= DATA TO PROCESS =
#####

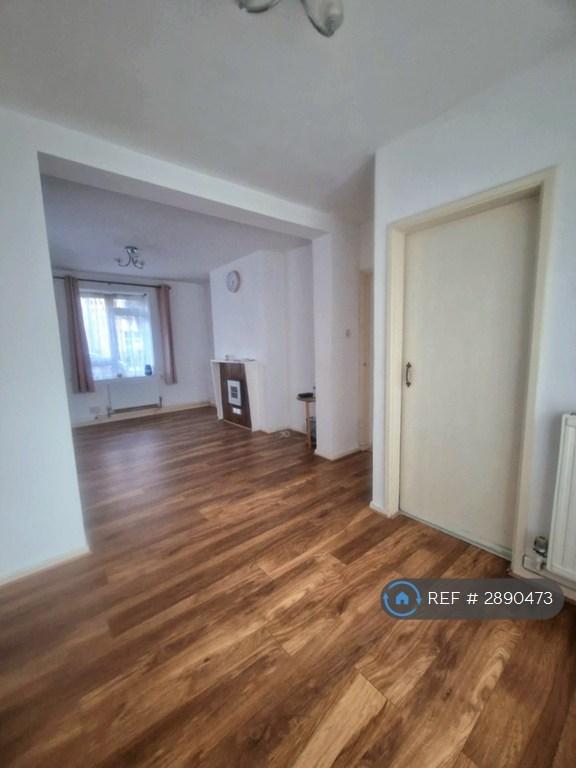 2 bedroom flat in Millman St, London, WC1N (2 bed) (#2890473)
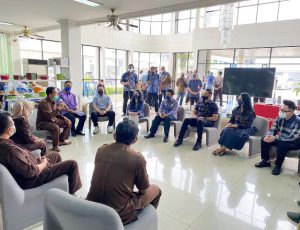 DICURHATI SOAL JKT: AHY berdialog dengan buruh PT Maspion, dicurhati soal gaduh JHT. | Foto: Barometerjatim.com/IST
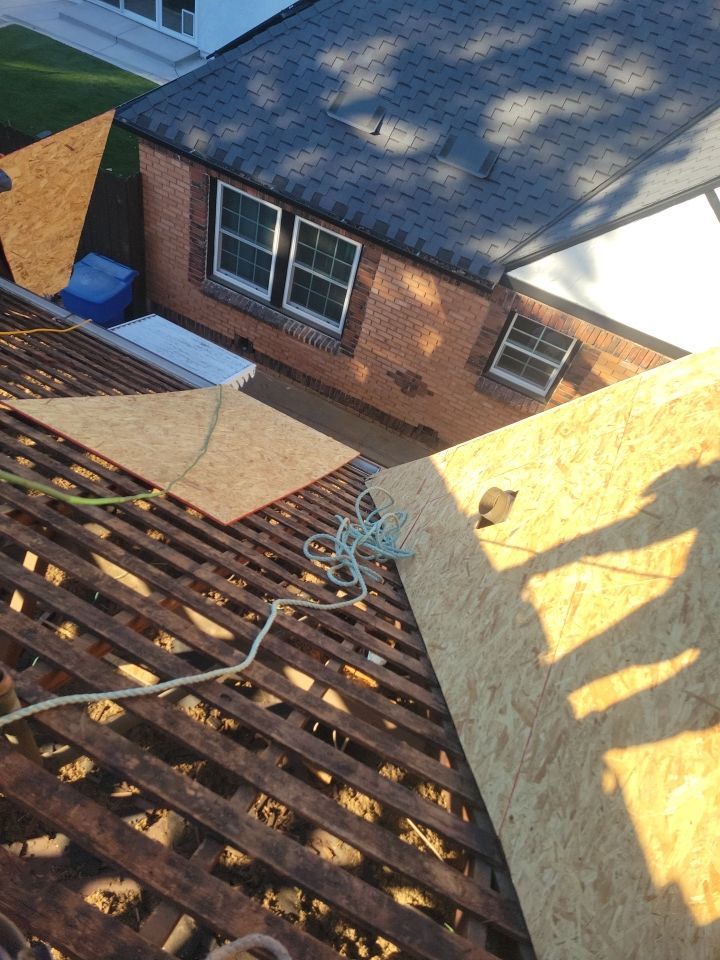 Residential Roofing Installation using Owens Corning Roofing Shingles by Byers Enterprises 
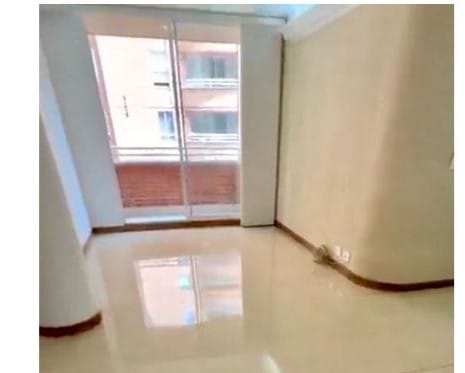 Apartamento de 4 alcobas en venta en Laureles, Medellín, 100 m² · foto 2 de 15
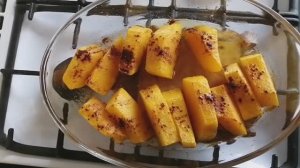 Тыква сладкая запеченная в духовке с корицей . Простой рецепт но отличный результат.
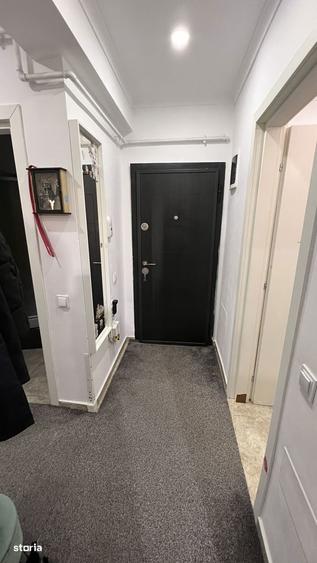 Apartament cu 3 camere decomandat, mobilat în Militari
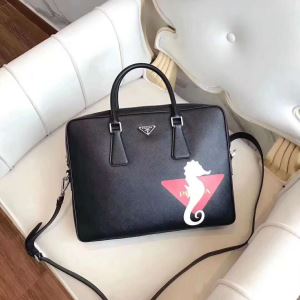プラダ PRADA ビジネスバッグ 《2020年》今、注目のストリート 春夏のトレンドアイテム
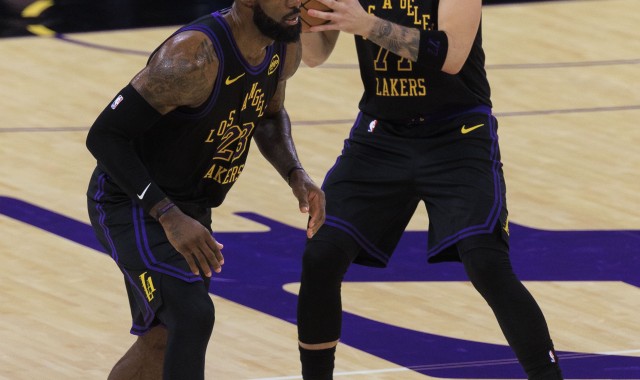 九游-😲东契奇15000分历史第3年轻！超科比！仅次詹姆斯杜兰特！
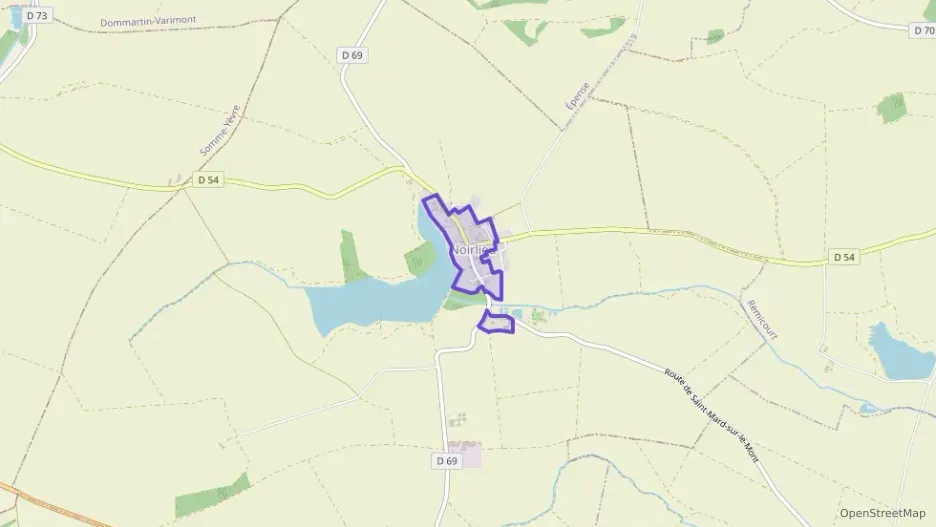 Maison 103 m² quatre pièces à vendre à Noirlieu Maison 103 m² quatre pièces à vendre à Noirlieu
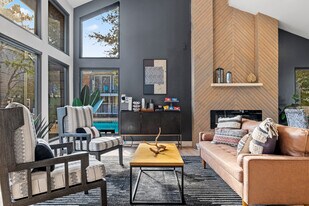 Tramor at the Oaks Apartments in Austin, TX - Building Photo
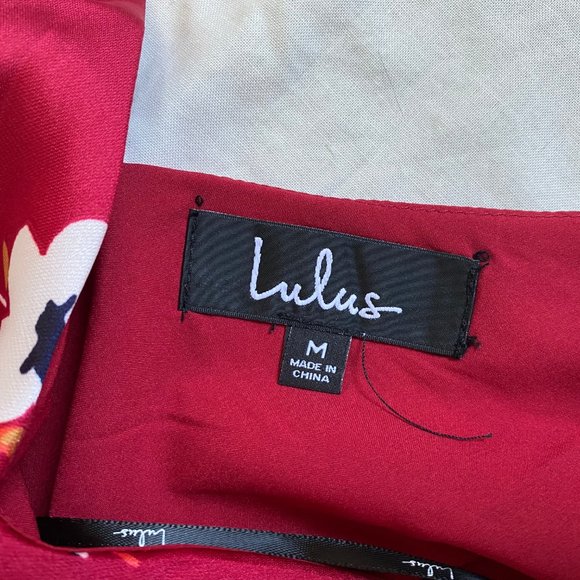 NWT Lulu's asymmetrical satin floral dress - Picture 4 of 9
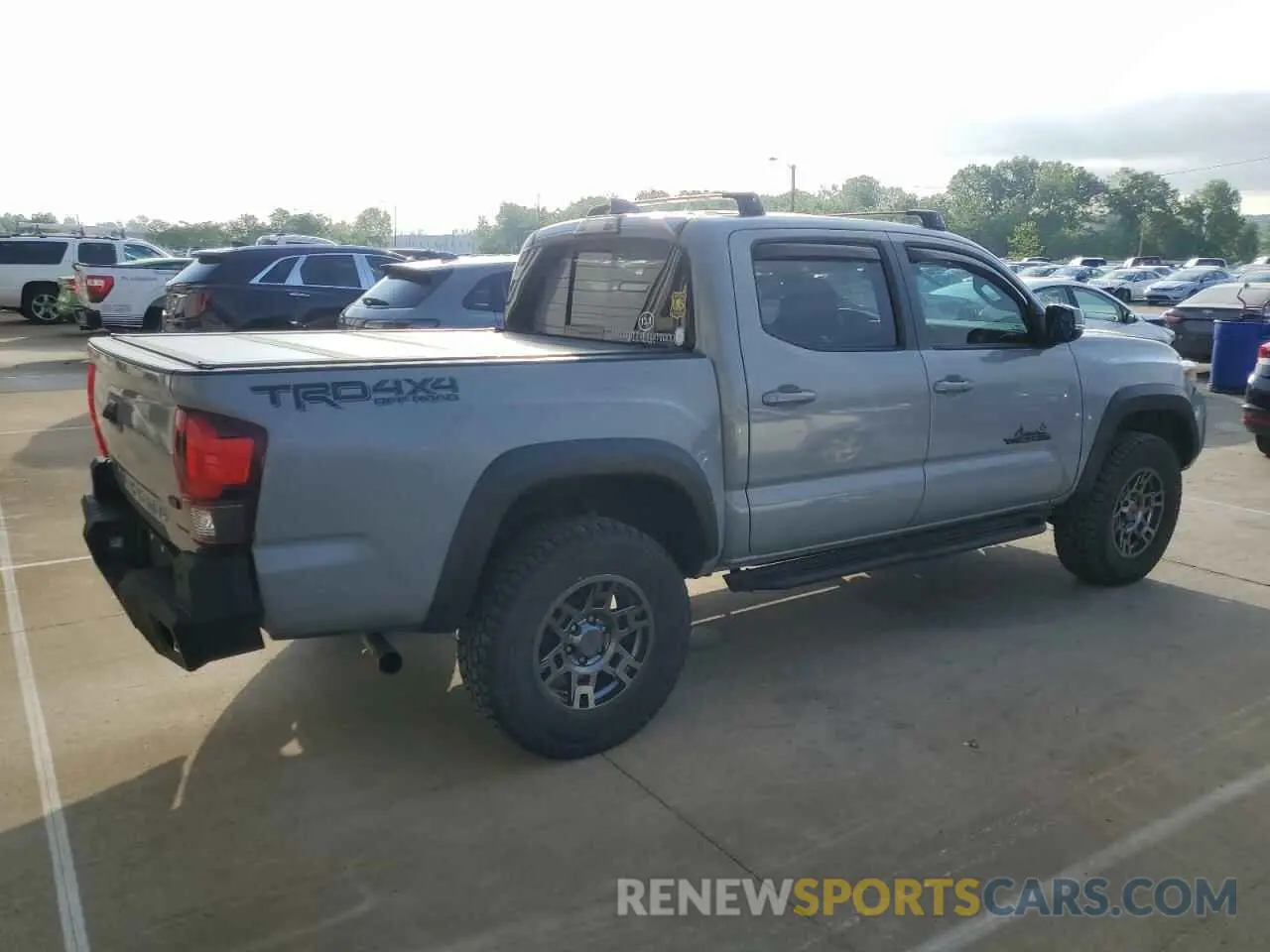 3 Photograph of a damaged car 3TMCZ5ANXKM275837 TOYOTA TACOMA 2019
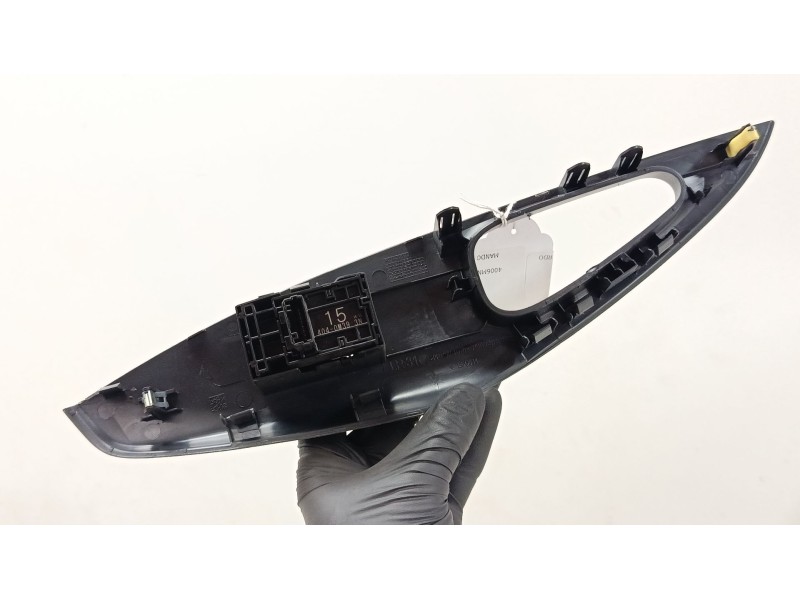 Recambio de mando elevalunas trasero izquierdo para toyota corolla station wagon (_e21_) 1.8 hybrid (zwe211) referencia OEM IAM 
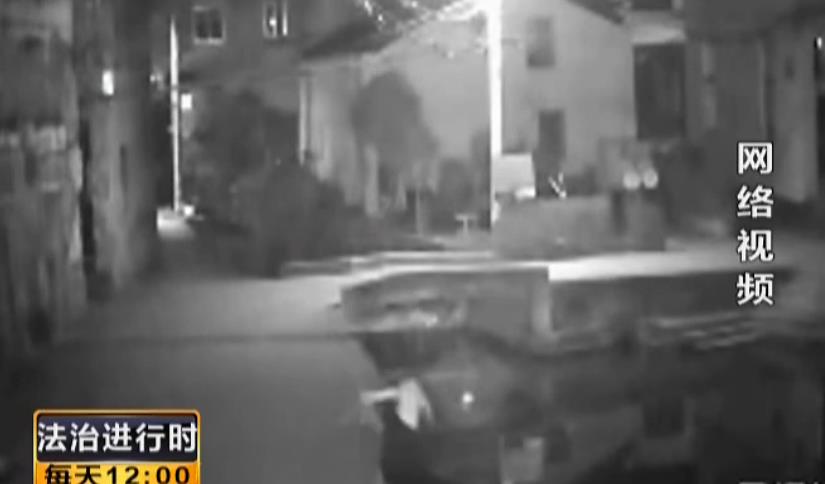 ​少女走路低头玩手机 不幸溺水身亡 第2张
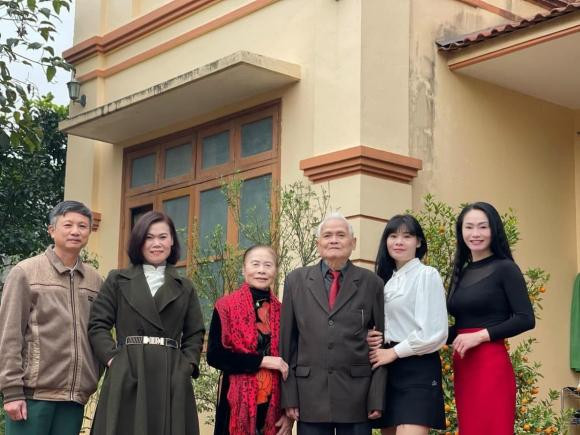 ây là không gian nhà ở quê của Quách Thu Phương, nơi nữ diễn viên lớn lên cùng cha mẹ và các anh chị em tại Hòa Bình.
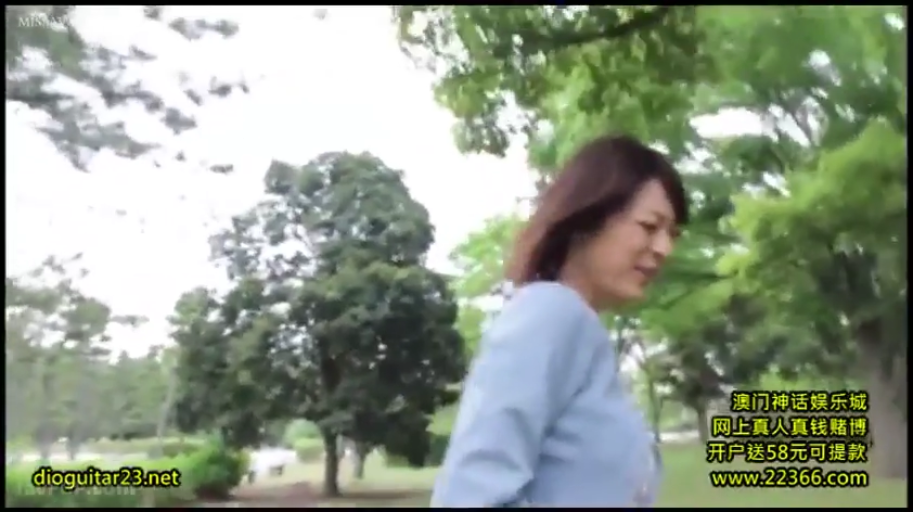 性交 · 胸部 · 全裸 · 卧室 · 后入位 · 窗帘 · 动态模糊 · 强烈快感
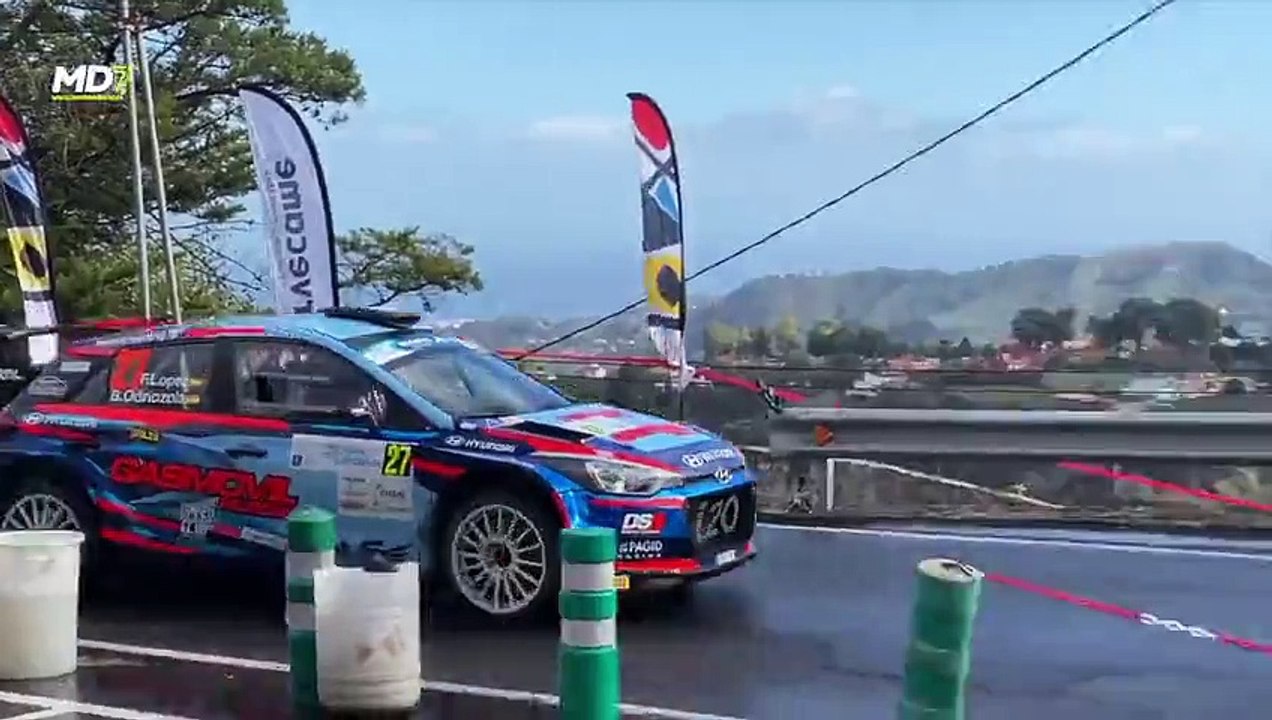 Virage en épingle assez technique (Rallye)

#####

Please output the records above exactly, without the pictures.

= RESULT OF THIS TASK =
 2 bedroom flat in Millman St, London, WC1N (2 bed) (#2890473)
 DICURHATI SOAL JKT: AHY berdialog dengan buruh PT Maspion, dicurhati soal gaduh JHT. | Foto: Barometerjatim.com/IST
 Residential Roofing Installation using Owens Corning Roofing Shingles by Byers Enterprises 
 Apartamento de 4 alcobas en venta en Laureles, Medellín, 100 m² · foto 2 de 15
 Тыква сладкая запеченная в духовке с корицей . Простой рецепт но отличный результат.
 Apartament cu 3 camere decomandat, mobilat în Militari
プラダ PRADA ビジネスバッグ 《2020年》今、注目のストリート 春夏のトレンドアイテム
 九游-😲东契奇15000分历史第3年轻！超科比！仅次詹姆斯杜兰特！
 Maison 103 m² quatre pièces à vendre à Noirlieu Maison 103 m² quatre pièces à vendre à Noirlieu
 Tramor at the Oaks Apartments in Austin, TX - Building Photo
 NWT Lulu's asymmetrical satin floral dress - Picture 4 of 9
 3 Photograph of a damaged car 3TMCZ5ANXKM275837 TOYOTA TACOMA 2019
 Recambio de mando elevalunas trasero izquierdo para toyota corolla station wagon (_e21_) 1.8 hybrid (zwe211) referencia OEM IAM 
 ​少女走路低头玩手机 不幸溺水身亡 第2张
 ây là không gian nhà ở quê của Quách Thu Phương, nơi nữ diễn viên lớn lên cùng cha mẹ và các anh chị em tại Hòa Bình.
 性交 · 胸部 · 全裸 · 卧室 · 后入位 · 窗帘 · 动态模糊 · 强烈快感
 Virage en épingle assez technique (Rallye)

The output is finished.